The information that I have found has been sparse when it comes to directly attributing these choreic movements to CPM/EPM. However, it has been documented. It may not be an immediate appearing symptoms. In some cases it did not appear until months after CPM/EPM was first diagnosed. I have read that this in not an uncommon theme regarding EPM. It seems that movement disorders with EPM can appear months after the injury. I really noticed my issue develop at a doctor’s appointment. I was becoming extremely agitated, and I realized that my left kept moving as well as my left shoulder. I kept crossing and uncrossing my leg as well as moving in my chair.
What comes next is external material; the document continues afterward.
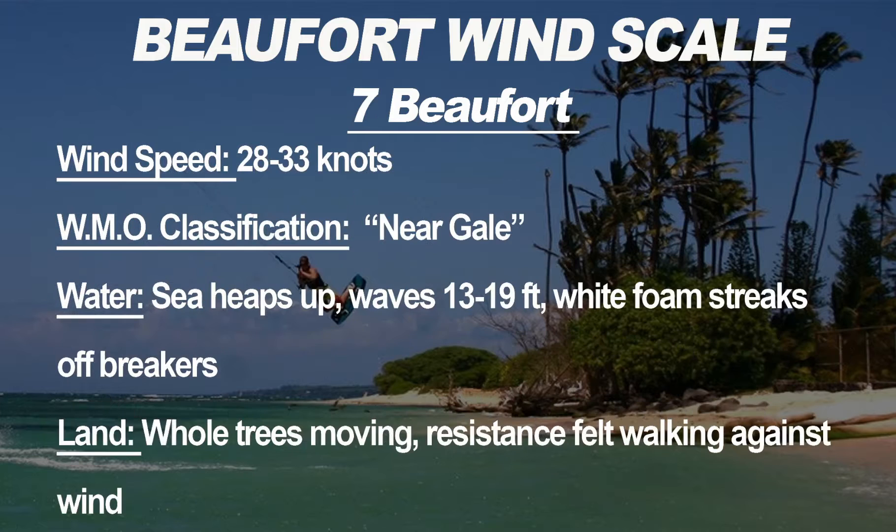Seven Beauforts is a wind speed of 28 to 33 knots, WMO classification near gale. The sea is really coming alive with waves of thirteen to nineteen feet and foam streaks trailing off the breakers. On land, whole trees are moving and you can feel resistance when walking against the wind. This wind speed should be left for expert kiters only.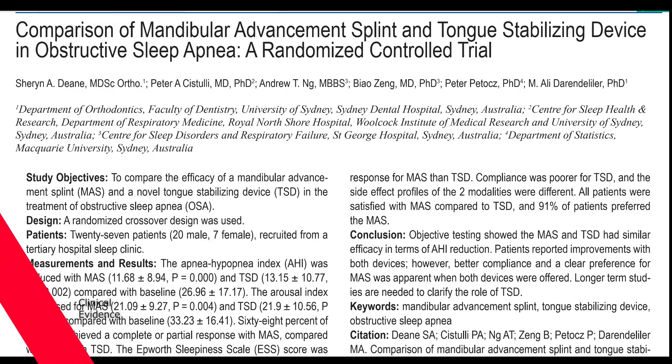This paper, written in 2009 in the Sleep Journal, compares mandibular advancement devices and tongue retaining devices. Both devices had similar efficacy in terms of AHI reduction — basically reducing sleep apnea. However, they did find that people preferred using the mandibular advancement device when both devices were offered.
I’ve noticed those movements at other times of stress.
Thankfully, I don’t think it is getting worse for me.
The following information is a chart that describes that chorea can be caused by electrolyte issues:
J Neurol Neurosurg Psychiatry 1998;65:436-445 doi:10.1136/jnnp.65.4.436

  • Review: Neurology and medicine

Dystonia and chorea in acquired systemic disorders

Table 6

Metabolic aetiologies of dystonia and chorea

Hyperthyroidism
Hypocalcaemia (hypoparathyroidism)
Hypoglycaemia
Hyperglycaemia
Hypernatraemia
Hyponatraemia
Hypomagnesaemia
Osmotic demyelination syndrome (central pontine myelinolysis)
Splenorenal shunt

 

Literature also seems to suggest that these reasons that these choreic movements occur is because of injury the putanem or basal ganglia. It suggests that there is a decreased amount of GABA, and there there are issues with Dopamine and glutamate.

Frankly, folks, I simply can’t read through this very detailed information from the following journal link, but it goes into great explanation why both dystonia and chorea are found in a variety of brain damage injuries, including CPM/EPM, Huntington’s disease, and many others.

Here is the quote:

As discussed earlier, dystonia and chorea most commonly result from striatal dysfunction, and hypoxia-ischaemia has been shown to alter several neurotransmitter systems in the striatum. Glutamate is the main neurotransmitter in cortical neurons projecting to the striatum and may contribute excitotoxic injury. Hypoxia-ischaemia has been shown to increase striatal extracellular glutamate, and decrease glutamate transporter concentrations. Direct lesioning of the globus pallidus with excitatory amino acids in monkeys produces cocontraction of opposing muscle groups on reaching, as in dystonia.9Extracellular dopamine concentrations rise and concentrations of dopamine metabolites fall after hypoxia-ischaemia.710Dopamine may also potentiate the excitotoxic properties of glutamate, and depleting the striatum of dopamine before hypoxia-ischaemia decreases the degree of striatal injury. In the neonatal rat model of cerebral hypoxia-ischaemia, striatal D1 and D2 dopamine receptor numbers fluctuate until 9 to 11 weeks after injury, at which time the D1 receptor number has returned to normal but the reduction in D2 receptors persists.11 Hypoxia-ischaemia also results in areas of complete loss of preproenkephalin mRNA in the dorsal striatum of the rat brain.12 Enkephalin, together with GABA, is an inhibitory neurotransmitter in the projections from the putamen to the external pallidum. Hypoxic-ischaemic necrosis of medium sized spiny striatal neurons may be responsible for decreased concentrations of the inhibitory neurotransmitter, GABA. By contrast, the striatal cholinergic system remains relatively preserved or even upregulated after hypoxia-ischaemia, as evidenced by an increase in cholinergic fibres and cell bodies, and an increase in acetylcholine release.13This is interesting in that anticholinergic medications often ameliorate dystonic movements.

http://jnnp.bmj.com/content/65/4/436.full

J Neurol Neurosurg Psychiatry 1998;65:436-445 doi:10.1136/jnnp.65.4.436

  • Review: Neurology and medicine

Dystonia and chorea in acquired systemic disorders

I will try to add more to this post in the future if I can, but right now, I can’t. Please feel free to leave questions or suggestions as you like.